Alguém tem dúvidas que é muito mais difícil ser homossexual pobre do que rico? Muitas vezes, a condição socioeconômica serve como passaporte para ingresso em diversos segmentos, fazendo supor que essa aparente aceitação atesta a ausência de preconceito. Contudo, ao preto, pobre e gay não é dado qualquer espaço. A segregação e o preconceito proporcionam uma situação marginal, que pode levar à prostituição, o que reforça o discurso moralista de que a condição social estabelece um ambiente de perversão. Desconsideram que aquela situação é decorrente de uma construção social, na qual a desigualdade é o principal fator determinante.

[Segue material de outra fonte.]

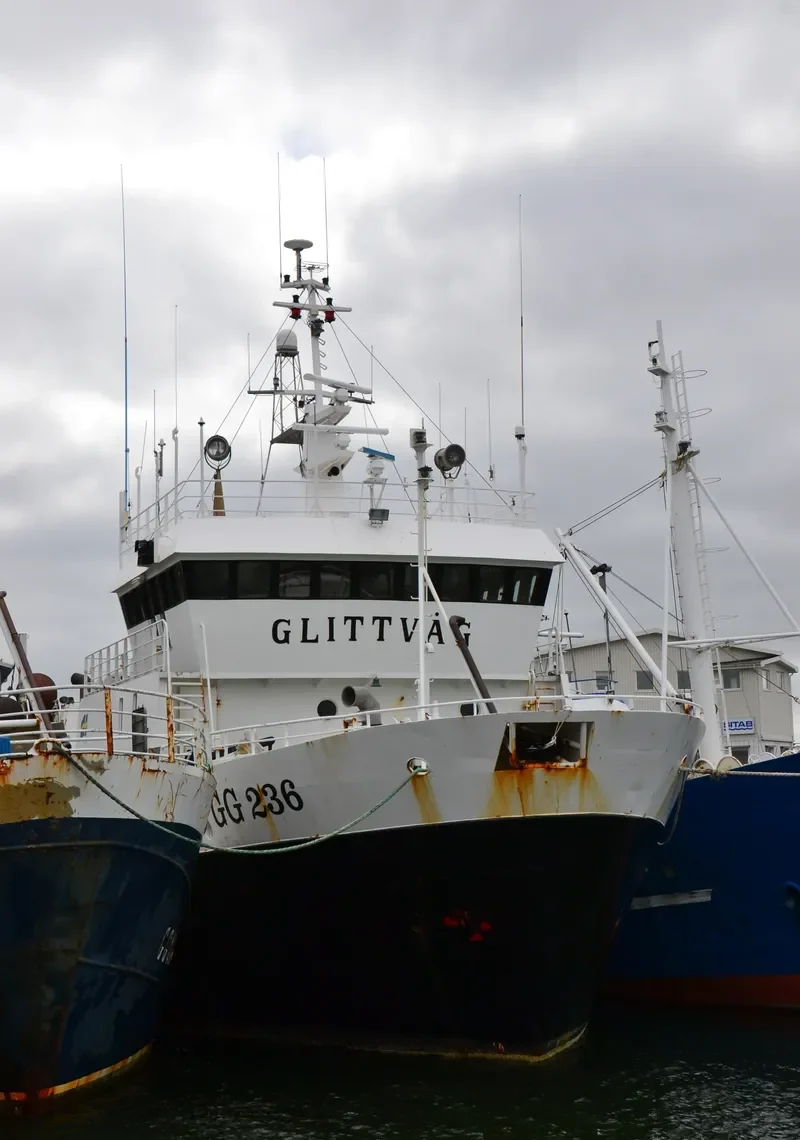 LITT General Cargo IMO 7414212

Diante disso, não diferenciar os limites entre o identitarismo e a questão classista, denota uma falta de percepção dos mecanismos que fortalecem o preconceito. A Natura ganha duas vezes: crescem suas vendas sobre um segmento que talvez não tivesse resultados significativos e mascara a desigualdade que promove, quando explora através da precarização do trabalho. Sem contar o ganho especulativo, com o aumento recorde do valor das suas ações na Bolsa.
Fosse mesmo uma empresa com algum tipo de responsabilidade social, começaria por assinar a carteira de seus extrativistas e de vendedoras sem vínculo empregatício. Da mesma forma, poderia promover ações efetivas de combate à transfobia, que não apenas o uso em peças publicitárias de maneira ocasional. Muito pelo contrário, a trajetória da Natura é a mesma de qualquer empresa conservadora, que em meio a oportunidades de marketing, aproveita os espaços para ganhos financeiros e segue omissa com relação aos preconceitos e a outras expressões da desigualdade social.

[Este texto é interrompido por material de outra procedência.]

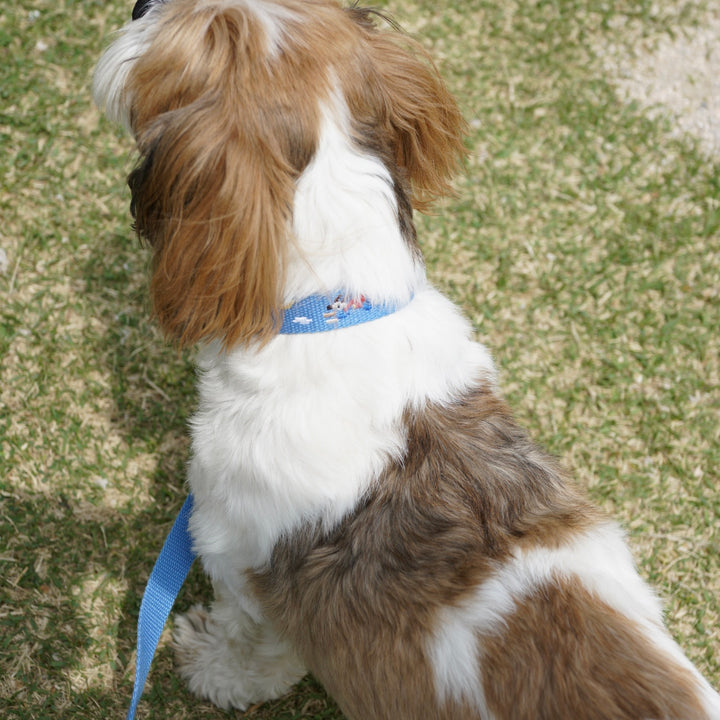※予約販売【HOWLPOT.】Adventure Leash（Sky）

Para os que defendem e entendem que a perspectiva classista é necessária, perceberão que a matriz que alimenta os preconceitos é a mesma da desigualdade. Sendo assim, não será com demagogia de mercado que promoveremos avanços humanitários capazes de reduzir práticas como as de Malafaia. Quanto à Natura, espero que melhore sua relação com os trabalhadores e prove suas boas intenções, começando por aquilo que lhe cabe. Afinal, já diz o ditado: de boas intenções o inferno está cheio, sejam as do Malafaia ou as da Natura.